- Opening Delimiter -

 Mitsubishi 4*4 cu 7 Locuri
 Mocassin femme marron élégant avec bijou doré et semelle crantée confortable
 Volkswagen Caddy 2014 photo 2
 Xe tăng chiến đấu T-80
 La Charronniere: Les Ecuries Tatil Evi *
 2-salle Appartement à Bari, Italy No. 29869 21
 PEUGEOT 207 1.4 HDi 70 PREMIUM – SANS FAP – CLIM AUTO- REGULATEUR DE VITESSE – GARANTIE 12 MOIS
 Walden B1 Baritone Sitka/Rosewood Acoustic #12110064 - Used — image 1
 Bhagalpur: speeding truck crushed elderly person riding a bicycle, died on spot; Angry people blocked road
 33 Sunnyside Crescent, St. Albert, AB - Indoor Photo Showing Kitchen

- Closing Delimiter -
- Opening Delimiter -

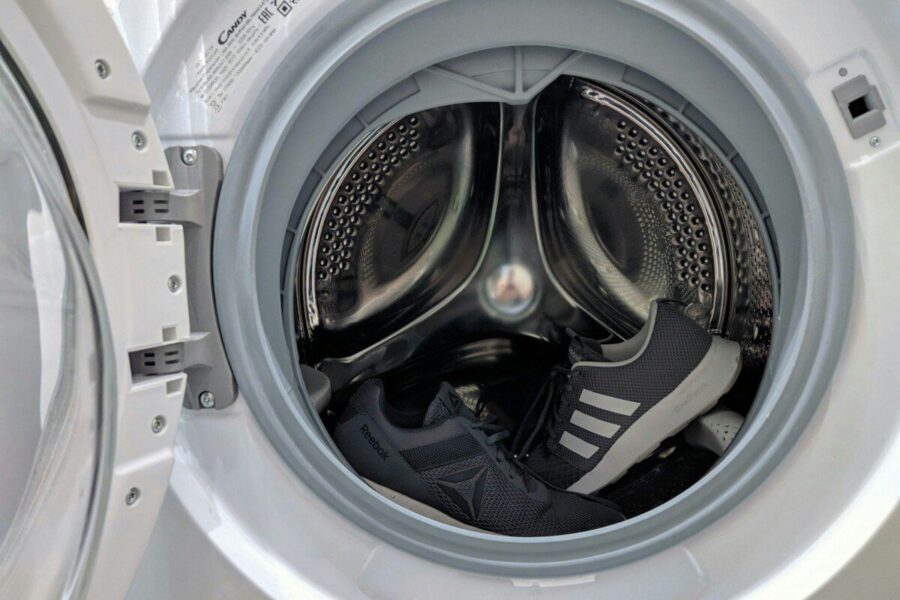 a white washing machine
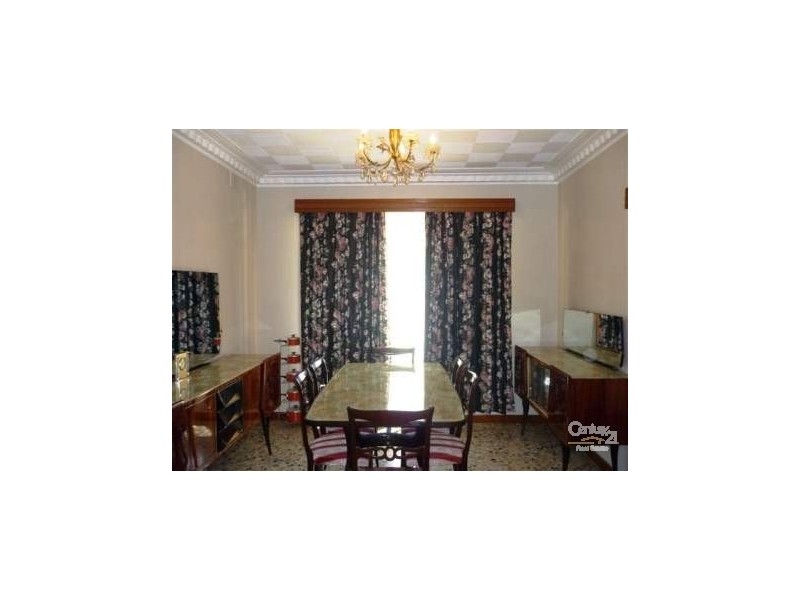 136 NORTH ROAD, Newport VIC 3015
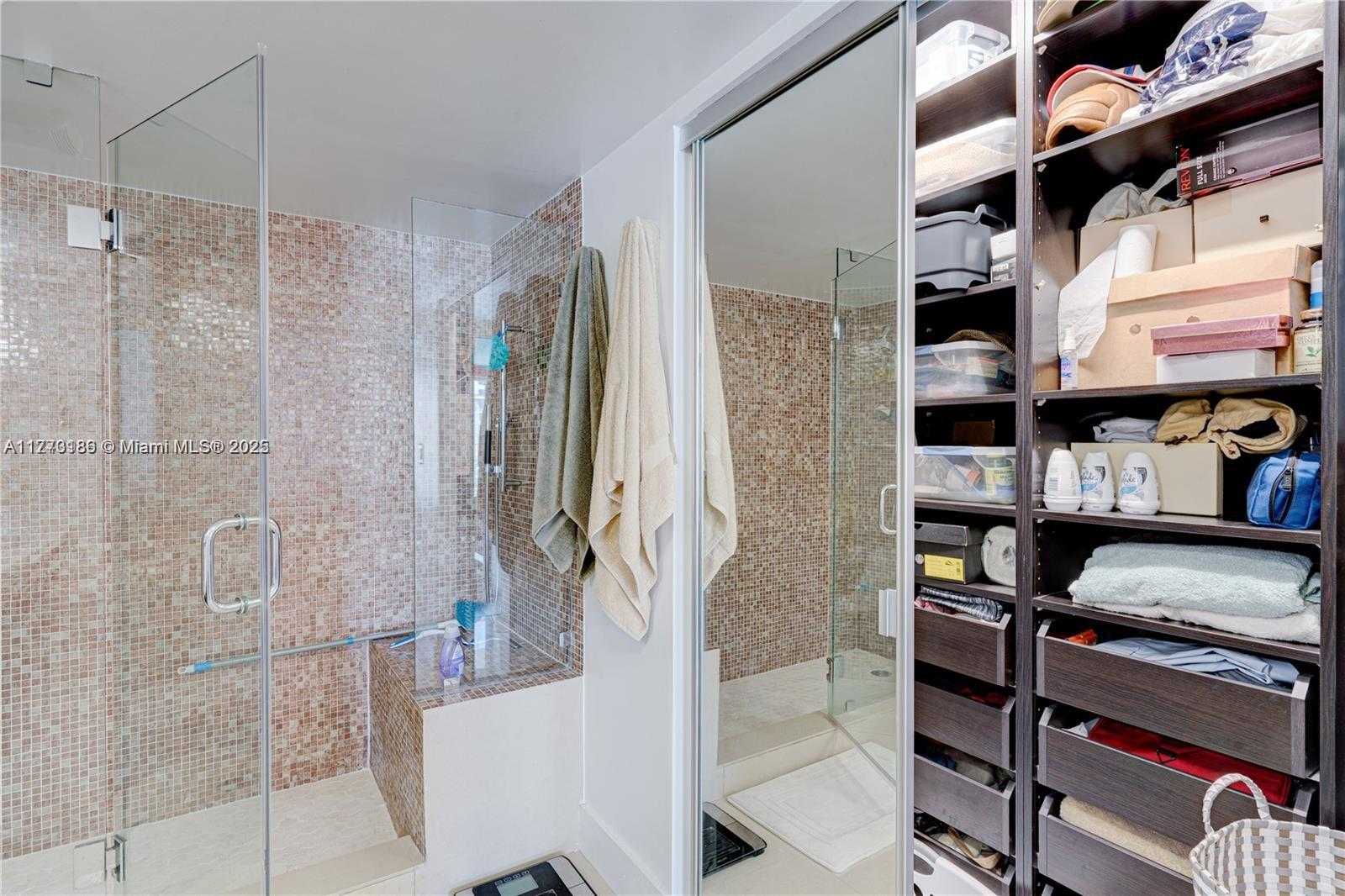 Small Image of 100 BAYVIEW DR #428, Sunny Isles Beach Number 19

- Closing Delimiter -

## Instructions for the task
All that should be written out is the stretch of lines above between the one holding "La Charronniere: Les Ecuries Tatil Evi *" and the one holding "33 Sunnyside Crescent, St.", inclusive, exactly as given.

## Answer for the task
 La Charronniere: Les Ecuries Tatil Evi *
 2-salle Appartement à Bari, Italy No. 29869 21
 PEUGEOT 207 1.4 HDi 70 PREMIUM – SANS FAP – CLIM AUTO- REGULATEUR DE VITESSE – GARANTIE 12 MOIS
 Walden B1 Baritone Sitka/Rosewood Acoustic #12110064 - Used — image 1
 Bhagalpur: speeding truck crushed elderly person riding a bicycle, died on spot; Angry people blocked road
 33 Sunnyside Crescent, St. Albert, AB - Indoor Photo Showing Kitchen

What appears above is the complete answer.